Tanglang La pass (5300m). Couldn't go into the temple here

Tanglang La pass (5300m). Couldn’t go into the temple here

On the way to Leh

On the way to Leh

This is in the outskirts of Leh

This is in the outskirts of Leh

Our hotel put on a cultural show in Leh

Our hotel put on a cultural show in Leh

Not sure what these two gentlemen are laughing at

Not sure what these two gentlemen are laughing at

2015-07-18, Leh to Pangong Lake (aborted Nubra Valley attempt)

  1. armed with permits, we set off for Nubra Valley at 7am. However, around 10km into the journey, we were stopped by some local punks who insisted that we could only go to Kardung La (we had to cross this 5400m pass to get to Nubra Valkey) on Jammu and Kashmir rented bikes, not Manali rented bikes.
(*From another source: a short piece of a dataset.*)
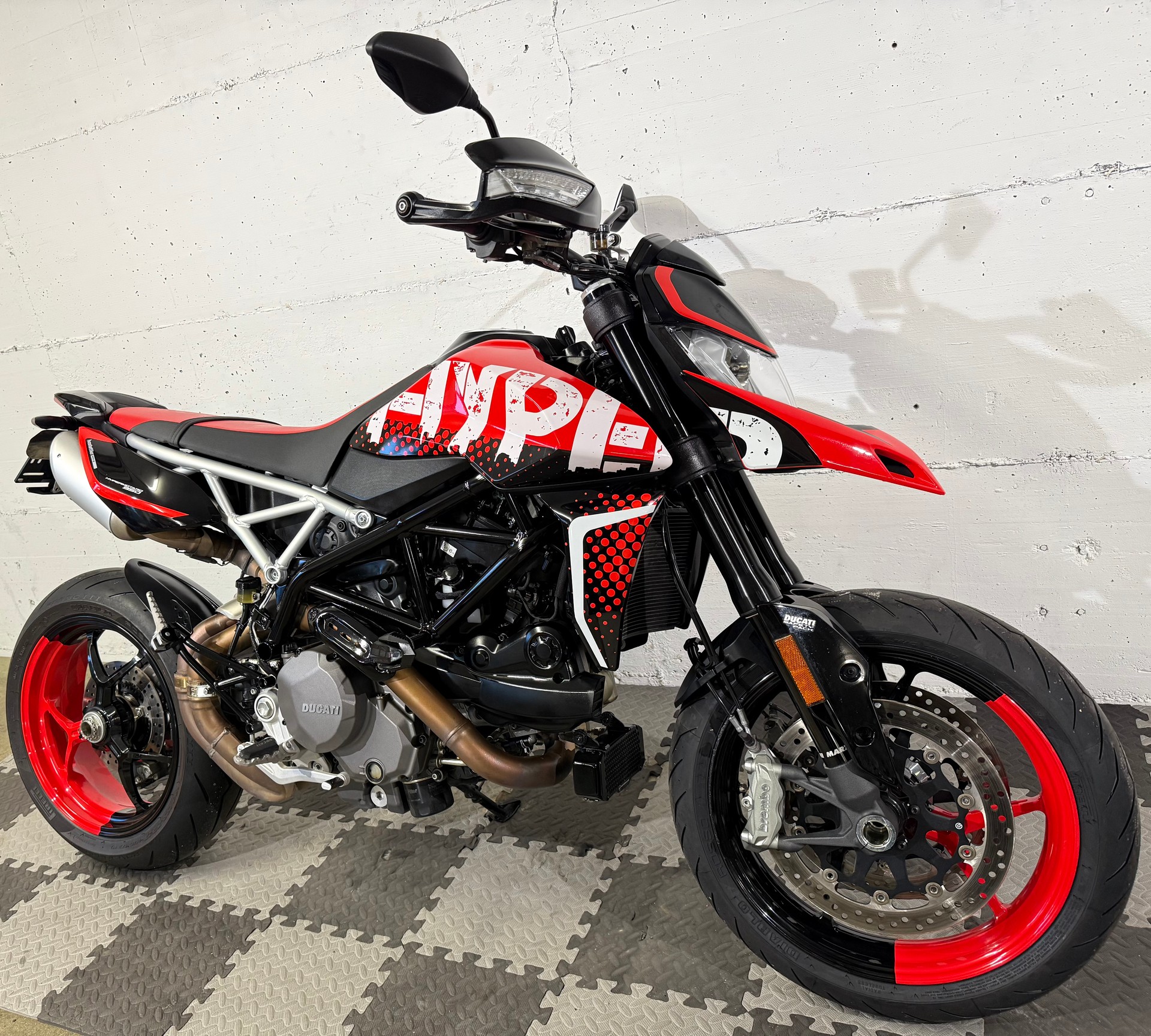 DUCATI Hypermotard 950 RVE (35kW)-showroom-element-2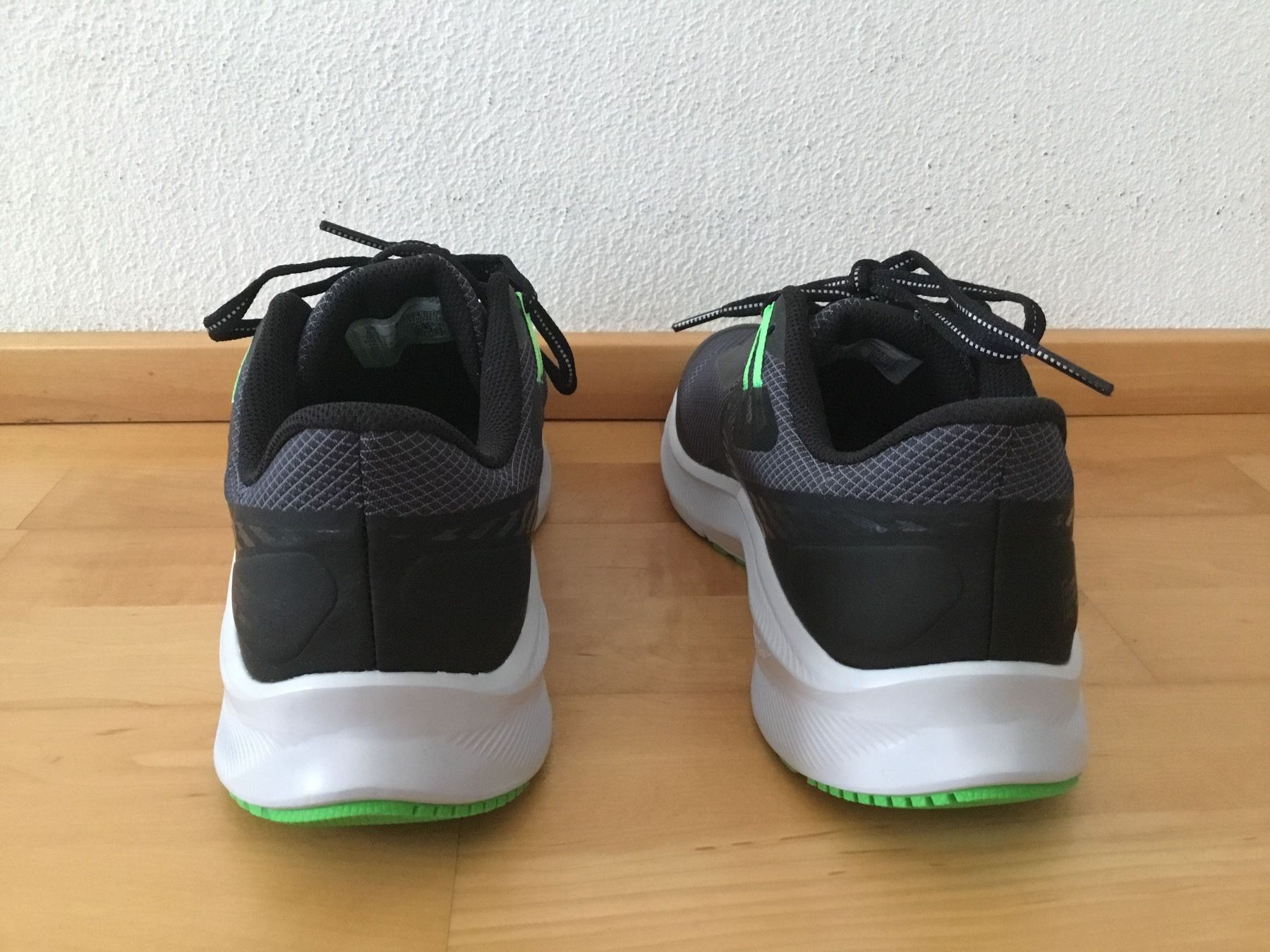 Nike Scarpe da uomo: Nike Running - Jogging Schuhe, Men, Gr. 44, neu – Nuovo e nell'imballaggio originale da Chur venduto da Jacky17 4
Hannes unleashed a slew of verbal abuse at the guy which made him get on the phone to his boss. (For a couple of minutes, I thought Hannes was going to get himself killed!) However, the punks won and although illegal, they managed to turn us around
  2. after having been turned around, we decided to attempt Pangong Lake, although we felt we would be turned around there too by the punks there. As we were riding, at some point during the initial ride to Pangong lake, some local punks shouted at us and asked us to stop but we continued on regardless. After several hours of hardcore biking and several stream crossings which rendered by feet numb, we reached Chang La (5378m). As usual, there was a temple there but I couldn’t summon the energy to take my shoes off in that altitude for a quick note of thanks to God!
  3. the ride into Pangong Lake wasn’t easy. Although it was only around 50km from Chang La pass, the road was super busy and we had to cross many more mini streams. There was also some occasional desert like surface, and a lot of bouldery bits which proved to be a bit of a challenge for me on the bike. Hannes seemed to have no problems and even gave his beloved Enfield a pet name, “Black Beauty”. The desert like surface sent my bike and I dancing dangerously on many occasions
  4. eventually, we reached the beautiful Pangong lake after several hours of riding and found ourselves a nice warm Swiss style hut with a proper toilet. Upon Hannes’ insistence, we took a cold shower (my butt froze)
  5. it took me a while to get myself warmed up again as I had wet feet from not wearing proper biking boots. I was wearing Gorerex running shoes and all the streams en route were no match for these shoes. I was thinking of ways to make some makeshift poncho-boots for the next day’s ride to avoid getting frozen feet again!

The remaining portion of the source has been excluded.